Şırnak Barosu, Şırnak Ticaret Ve Sanayi Odası, Şırnak Esnaf Ve Sanatkar Odaları Birliği, KESK, Kadın Merkezi (KAMER), Şırnak Kültür Derneği ile Şırnak Gazeteciler Cemiyeti’nin de aralarında bulunduğu 28 sivil toplum kuruluşunun temsilcileri son günlerde artan terör olaylarına ilişkin ortak açıklama yaparak, operasyonların durdurulması ve PKK'nın eylemsizlik kararı alması çağrısında bulundu.

Son dönemde artan Terör olaylarının durması, Kürt Sorununun Demokratik Ve Barışçıl çözümü için bir araya gelen Şırnak’taki 28 Sivil Toplum Kuruluşu, ortak açıklama yaptı.Cumhuriyet Meydanında yapılan basın açıklamasını STK’lar adına Şırnak Baro Başkanı Nuşerivan Elçi yaptı. Kürt sorunun çözümü için herkesin sorumluluk alması gerektiğini ifade eden Elçi, “Bugün ülkemizin içinde bulunduğu şartlar her kesimin elini taşın altına koymayı zorunlu hale getirmiştir.

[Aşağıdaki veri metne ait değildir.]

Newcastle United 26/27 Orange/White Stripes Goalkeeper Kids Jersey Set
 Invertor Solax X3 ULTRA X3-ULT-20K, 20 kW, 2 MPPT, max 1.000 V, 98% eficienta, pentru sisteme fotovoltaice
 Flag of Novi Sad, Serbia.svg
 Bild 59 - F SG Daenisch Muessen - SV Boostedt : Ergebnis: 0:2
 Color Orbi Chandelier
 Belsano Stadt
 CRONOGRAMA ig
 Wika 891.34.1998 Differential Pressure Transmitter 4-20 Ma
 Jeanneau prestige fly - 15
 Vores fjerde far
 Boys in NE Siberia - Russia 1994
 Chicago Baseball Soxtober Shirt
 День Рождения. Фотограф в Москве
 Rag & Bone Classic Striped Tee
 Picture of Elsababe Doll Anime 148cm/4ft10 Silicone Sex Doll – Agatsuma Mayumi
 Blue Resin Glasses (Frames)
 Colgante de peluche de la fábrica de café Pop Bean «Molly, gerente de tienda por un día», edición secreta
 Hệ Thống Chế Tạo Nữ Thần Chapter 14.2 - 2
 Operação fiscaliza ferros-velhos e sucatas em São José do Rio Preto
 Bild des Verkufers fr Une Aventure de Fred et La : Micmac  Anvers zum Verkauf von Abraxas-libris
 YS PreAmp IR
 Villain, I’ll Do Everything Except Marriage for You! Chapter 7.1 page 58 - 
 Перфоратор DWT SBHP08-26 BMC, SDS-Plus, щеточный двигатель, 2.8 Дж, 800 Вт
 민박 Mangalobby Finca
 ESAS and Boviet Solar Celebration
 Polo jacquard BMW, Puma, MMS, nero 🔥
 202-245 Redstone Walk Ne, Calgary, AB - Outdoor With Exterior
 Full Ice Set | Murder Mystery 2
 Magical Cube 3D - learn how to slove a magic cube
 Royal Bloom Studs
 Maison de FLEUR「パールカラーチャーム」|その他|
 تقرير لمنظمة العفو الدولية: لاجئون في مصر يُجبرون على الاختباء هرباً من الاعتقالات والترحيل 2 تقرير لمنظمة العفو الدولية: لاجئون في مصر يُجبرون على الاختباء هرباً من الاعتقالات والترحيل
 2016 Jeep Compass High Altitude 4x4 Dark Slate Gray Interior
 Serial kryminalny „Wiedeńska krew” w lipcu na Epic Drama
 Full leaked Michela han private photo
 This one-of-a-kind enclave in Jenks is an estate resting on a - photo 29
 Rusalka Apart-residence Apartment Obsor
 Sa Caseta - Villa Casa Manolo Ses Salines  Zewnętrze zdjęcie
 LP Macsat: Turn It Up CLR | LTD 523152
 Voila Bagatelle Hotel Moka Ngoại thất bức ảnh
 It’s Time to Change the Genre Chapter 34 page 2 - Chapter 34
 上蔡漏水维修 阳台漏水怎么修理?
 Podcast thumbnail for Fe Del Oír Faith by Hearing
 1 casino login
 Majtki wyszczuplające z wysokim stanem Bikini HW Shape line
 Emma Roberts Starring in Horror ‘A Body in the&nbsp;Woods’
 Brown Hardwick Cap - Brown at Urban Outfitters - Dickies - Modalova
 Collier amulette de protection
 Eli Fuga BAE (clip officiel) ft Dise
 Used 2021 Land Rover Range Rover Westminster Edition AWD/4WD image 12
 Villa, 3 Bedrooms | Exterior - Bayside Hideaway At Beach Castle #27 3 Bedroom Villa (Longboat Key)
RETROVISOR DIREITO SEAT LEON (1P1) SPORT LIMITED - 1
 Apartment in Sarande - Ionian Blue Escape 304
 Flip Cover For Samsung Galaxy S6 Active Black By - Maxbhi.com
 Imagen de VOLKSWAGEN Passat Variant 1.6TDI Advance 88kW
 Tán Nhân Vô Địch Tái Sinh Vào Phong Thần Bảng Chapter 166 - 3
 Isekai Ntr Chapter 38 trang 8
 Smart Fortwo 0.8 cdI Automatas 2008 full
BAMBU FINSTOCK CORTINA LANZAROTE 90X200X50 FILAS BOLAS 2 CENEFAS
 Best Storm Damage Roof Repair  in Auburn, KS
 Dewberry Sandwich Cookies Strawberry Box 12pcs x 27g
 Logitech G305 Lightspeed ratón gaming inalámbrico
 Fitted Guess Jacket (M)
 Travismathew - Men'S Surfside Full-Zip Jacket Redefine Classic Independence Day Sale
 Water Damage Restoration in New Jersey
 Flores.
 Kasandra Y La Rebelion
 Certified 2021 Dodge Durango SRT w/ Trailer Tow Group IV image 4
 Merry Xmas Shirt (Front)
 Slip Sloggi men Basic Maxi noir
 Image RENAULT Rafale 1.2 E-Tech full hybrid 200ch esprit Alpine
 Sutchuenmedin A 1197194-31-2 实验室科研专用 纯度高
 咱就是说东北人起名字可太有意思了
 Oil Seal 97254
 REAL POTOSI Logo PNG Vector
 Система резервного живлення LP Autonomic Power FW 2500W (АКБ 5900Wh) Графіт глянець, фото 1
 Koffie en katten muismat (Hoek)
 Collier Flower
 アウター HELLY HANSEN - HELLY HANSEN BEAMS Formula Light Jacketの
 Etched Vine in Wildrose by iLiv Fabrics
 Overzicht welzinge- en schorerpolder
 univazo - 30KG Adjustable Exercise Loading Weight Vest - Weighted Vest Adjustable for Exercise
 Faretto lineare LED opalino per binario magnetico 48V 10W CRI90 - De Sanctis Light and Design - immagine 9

Bu çabanın içerisine girerken herkesin iyi niyetli ve çözüm odaklı bir düşünceye sahip olması gerekir. Türkiye uzun yıllardır aynı kısır döngü içerisinde Kürt sorununu tartışmaktadır. Cumhuriyetin kuruluşu ertesi Kürtlerin toptan inkârı ile başlayan sorunlar zaman içerisinde Kürt varlığının kabulüne ve son olarak da hükümetin açıkladığı Kürt açılımı’na gelip dayanmıştır. Açıklama yapıldığı ilk anda ülkedeki sağduyulu her kesimde umutla karşılanmış, ancak statükocular kendilerini atılan her adımda hissettirmiştir. Tuzu kuru olanlar ve sorumluluk duygusu taşımayanlar, duygu selinden günlük çıkarlar elde etme peşinde koşabilirler. Ancak geleceği düşünen ve sorumluluk duygusu taşıyanlar, ateşe körükle gitmezler. Türkiye'nin kalıcı bir demokrasiye ulaşması için Kürt sorununun çözülmesi gerektiği bugün her kesimce dile getirilmektedir. Soruna ilişkin çözüm yolları farklı olsa da sorunun çözümüne olan inanç çerçevesinde birleşmesi gerekmektedir." ifadelerini kullandı.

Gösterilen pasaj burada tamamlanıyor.